Automated simulation process flow—The transient 2D magnetic analysis of the 6-pole, 9-slot motor (ANSYS Maxwell) predicted the magnetic flux density and magnetic field loss, delivering drive and cogging torque values. Optimus automatically used the calculated magnetic forces as inputs for the subsequent 3D harmonic analysis on the IPM motor stator/rotor combination (ANSYS Workbench). This generated the maximum radial displacement of the rotor axis, from which the resulting acoustic radiation was calculated.
Setting design parameters and objectives—Most of the considered design parameters related to the size, orientation and positioning of the rotor magnets (width, thickness, angle, distance, material) and the stator coil slots (tip position, thickness). In addition, the engineers evaluated three distinct materials for the permanent magnets. The motor optimization objectives specified in Optimus included maximizing the drive torque (motor efficiency) and minimizing the radial rotor displacement (noise and vibration) and cogging torque (quality).
Exploring the design space
Early lessons through DOE analysis—The engineers first used design space exploration techniques to acquire up-front insight into the design potential. Using a Latin Hypercube DOE method available in Optimus, a set of 200 well-chosen virtual experiments was defined. Acting as a simulation robot, Optimus sampled the entire design space by automatically executing the experiments.

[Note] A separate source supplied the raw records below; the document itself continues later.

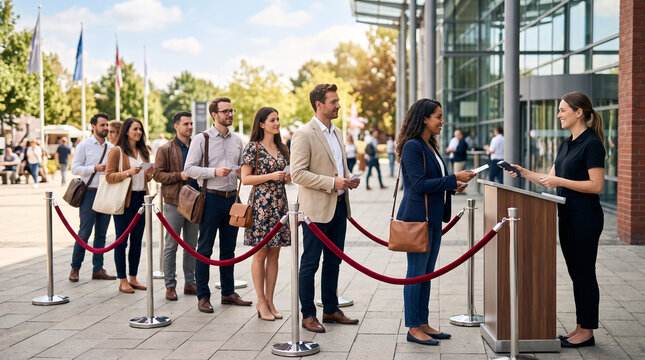 A diverse group of young adults waiting in line at an event registration desk on a sunny day.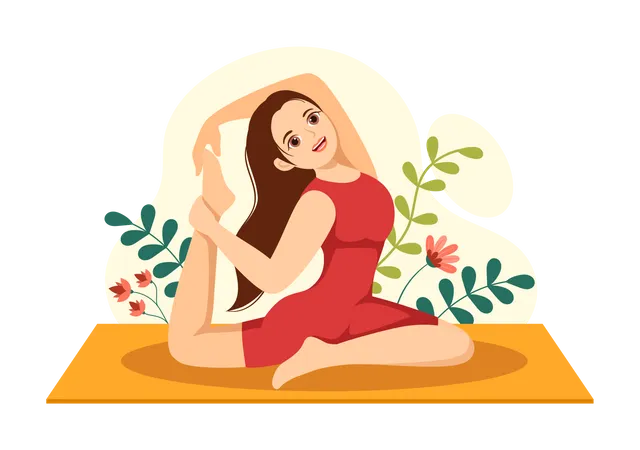 Chica en pose de yoga  Ilustración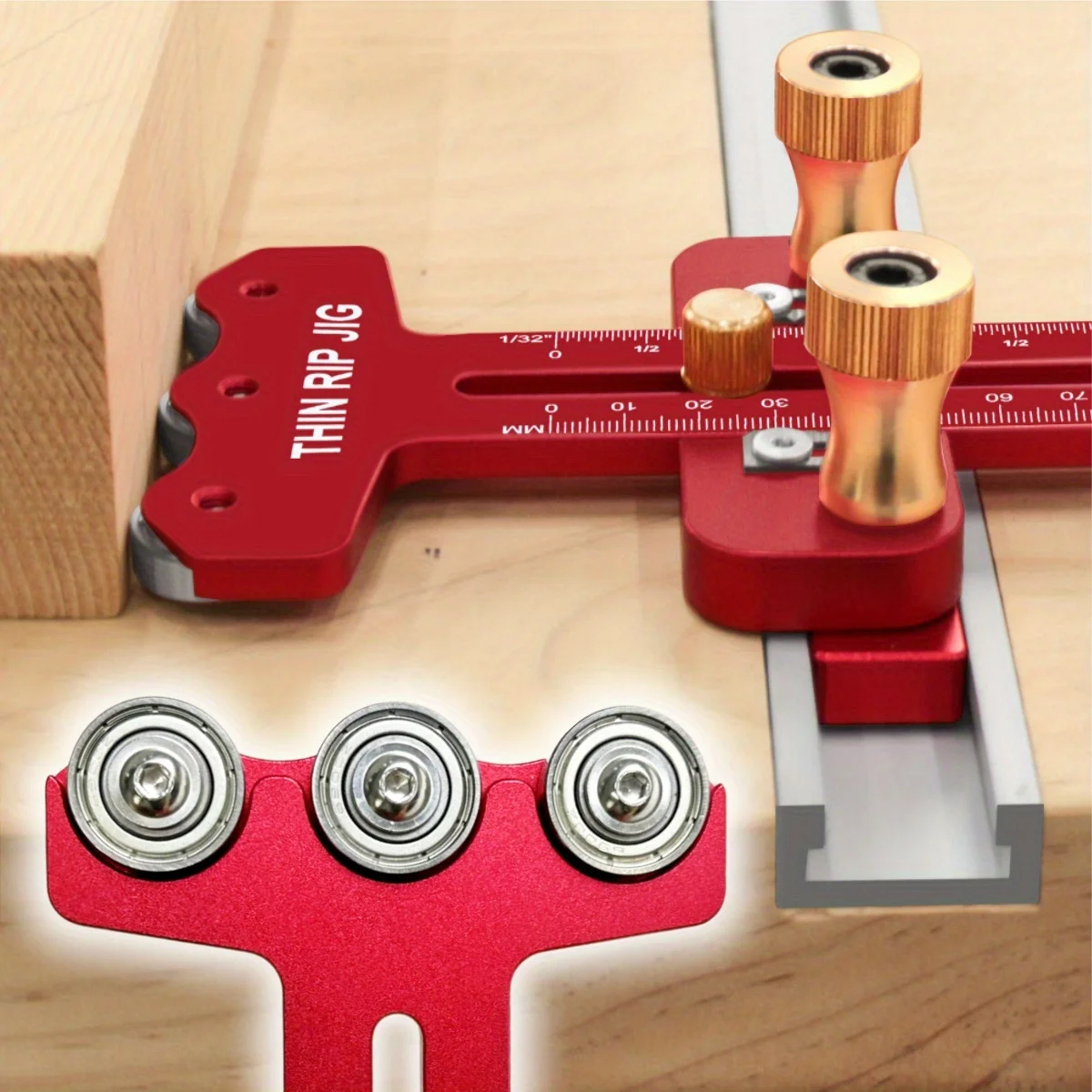 Thin Rip Tischkreissägenvorrichtung – 3 Riemenscheiben, Thin Rip Jig, Tischkreissägenführung, passend für 19 # und 30 # T-Nut und für 3/8 Zoll x 3/4 Zoll U-Nut Image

Correlation scatter diagrams—Correlation scatter diagrams revealed that drive torque is influenced most by magnet material, distance and width, whereas radial rotor displacement faces highest impact from the magnet width. Slot thickness plays a role in both mentioned optimization targets.

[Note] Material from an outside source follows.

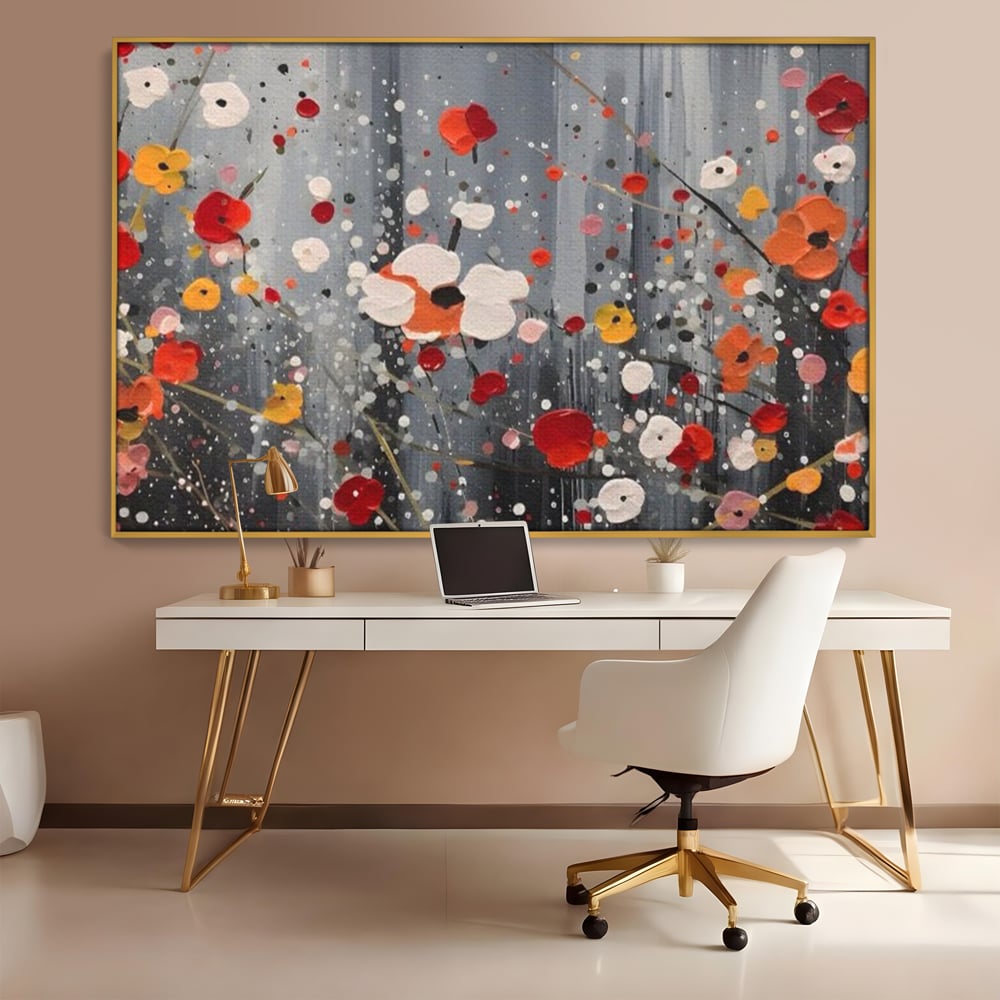 Tablou Canvas Premium LuxCanva® A1629, Minimal Flowers ,  Living, Flori, Natura, Decorativ, Dormitor, Culori Vibrante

Selecting magnet material—Response surface modeling (RSM) in Optimus interpolated the DOE points to build a multidimensional response surface model (RSM) using the Kriging method. The RSMs showed how design targets are influenced by slot thickness and the permanent magnet material. The engineers opted for one of the two alternative magnet materials, as it became apparent that the material delivered substantially higher drive torque and offered sufficient potential to reduce cogging torque.
Multi-objective motor optimization—After the initial design space exploration, the engineers used Optimus to conduct a multi-objective electric motor optimization process—targeting maximum drive torque, minimum torque ripple, and minimum radial rotor displacement. They kept the same design parameter specifications as defined for the up-front DOE analysis. As constraints, the minimum value for drive torque was set to 11.4 Nm and the maximum value for cogging torque to 0.2 Nm. Using surrogate models, Optimus efficiently evaluated the performance of numerous motor design variants without requiring a full detailed analysis.
Balancing design objectives on the Pareto front
Optimizing toward Pareto front—The engineers selected the non-dominated sorting evolutionary algorithm (NSEA+) to execute the multi-objective global optimization and build the Pareto front. The points on this Pareto front all represent optimized motor design variants, each one featuring a different tradeoff between drive torque and maximum rotor displacement.
Balancing design objectives—The prioritization and balancing of design objectives ultimately decides which Pareto-optimal design (and corresponding trade-offs) will finally be selected by the engineering team.
For comparison purposes, the design parameter and objectives metrics for two distinct motor designs (number 3 and number 99) at opposing ends of the Pareto front are listed in tables. The tables show that variant 99 generates 7% higher drive torque, while drastically reducing cogging torque and maximum rotor displacement (35% and 44%, respectively). This results in a reduction of the sound pressure level by almost 6 dB. Alternatively, the sound reduction achieved by design variant 3 is even higher as well as the decrease in maximum rotor displacement. As a consequence, design 3 delivers less appealing improvement in maximizing drive torque and minimizing cogging torque.